Le président socialiste français François Hollande a tranché dans le vif en renvoyant mardi sa ministre de l'Écologie, Delphine Batho, qui contestait à voix haute une importante réduction des crédits de son ministère dans le projet de budget 2014.

Cette mini-crise, sur fond de rigueur budgétaire, met en difficulté les deux ministres écologistes du gouvernement socialiste, qui ont annoncé dans l'urgence une réunion mardi soir. L'une des deux, Cécile Duflot, avait soutenu Delphine Batho après sa déclaration-choc.

«C'est un mauvais budget», avait déclaré sur la radio RTL Mme Batho, 40 ans, enfreignant frontalement le principe de solidarité gouvernementale en vigueur en France.

Réputée pour son sérieux et sa discipline, Mme Batho réagissait à la baisse de 7 % de ses crédits prévue l'année prochaine.
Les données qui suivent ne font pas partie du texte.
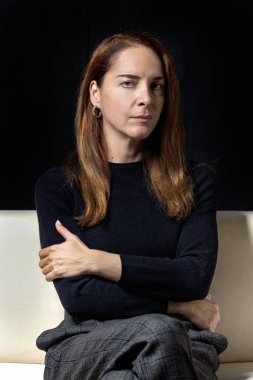 Olgun kadın 45-50 yaşlarında, ciddi, düşünceli, siyah arka planda çapraz kolları olan bir kamera..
Son ministère de l'Écologie est ainsi l'un des plus sévèrement touchés par les économies que le gouvernement veut réaliser afin de contenir le déficit public à 3,5 % du PIB, contre 2,9 % initialement prévus, conformément aux attentes de Bruxelles.

Reconnaissant que «la situation budgétaire est extrêmement difficile», la ministre avait ajouté qu'il fallait «désormais se poser la question : l'écologie est-elle «bien une priorité»? «Est-ce qu'on a la capacité de passer du discours aux actes?».

«Le président de la République a mis fin aux fonctions de Mme Delphine Batho et a nommé M. Philippe Martin (NDLR: un député socialiste), ministre de l'Écologie, du développement durable et de l'énergie», a annoncé quelques heures plus tard la présidence de la République.

C'est la première fois depuis son élection en mai 2012 que le président François Hollande limoge l'un de ses 37 ministres. En mars, l'ex-ministre du Budget Jérôme Cahuzac, mis en cause par des médias, avait démissionné de lui-même, avant d'avouer quelques jours plus tard qu'il détenait un compte non déclaré à l'étranger, ce qui lui a valu une mise en examen (inculpation) pour blanchiment de fraude fiscale.

Les écologistes se réunissent

Le renvoi rapide de Delphine Batho ne marque pas forcément la fin de la crise politique ouverte en France sur fond de prévisions économiques pessimistes, alors que Bruxelles exige un retour du déficit public français à 3 % fin 2015.

Les deux ministres écologiques du gouvernement socialiste, Cécile Duflot (Logement) et Pascal Canfin (Développement) devaient se réunir mardi soir pour une «analyse politique de la situation» avec le responsable de leur parti EELV, Pascal Durand.

Avant l'annonce du renvoi de Mme Batho, sa collègue Cécile Duflot avait déclaré à l'AFP : «Je l'ai vue ce (mardi) matin, nous travaillons ensemble. Elle sait qu'elle peut compter sur mon soutien pour que le gouvernement traduise dans les faits la transition écologique».

Habituel aiguillon et trublion d'EELV (Europe Écologie - Les Verts), le député et ex-journaliste Noël Mamère a suggéré une vraie «réunion de crise» sur la participation des écologistes au gouvernement.

Le renvoi de Mme Batho intervient alors que dans le passé, des ministres avaient déjà pris ouvertement le contre-pied du gouvernement.

Responsable du Redressement industriel, Arnaud Montebourg, connu pour ses prises de position contre la mondialisation, avait reproché en privé au premier ministre de gérer la France comme un «conseil municipal». Des propos jamais démentis par Jean-Marc Ayrault. «Un outrage d'un ministre à son chef du gouvernement qui reste à l'heure actuelle sans conséquence», avait commenté le quotidien Le Monde.

Le premier ministre, dont le remplacement était encore évoqué il y a quelques mois, avait réussi à restaurer sa crédibilité ces dernières semaines. «Il n'y a plus de couacs (fausses notes)», se félicitait il y a quinze jours devant l'AFP l'un de ses ministres.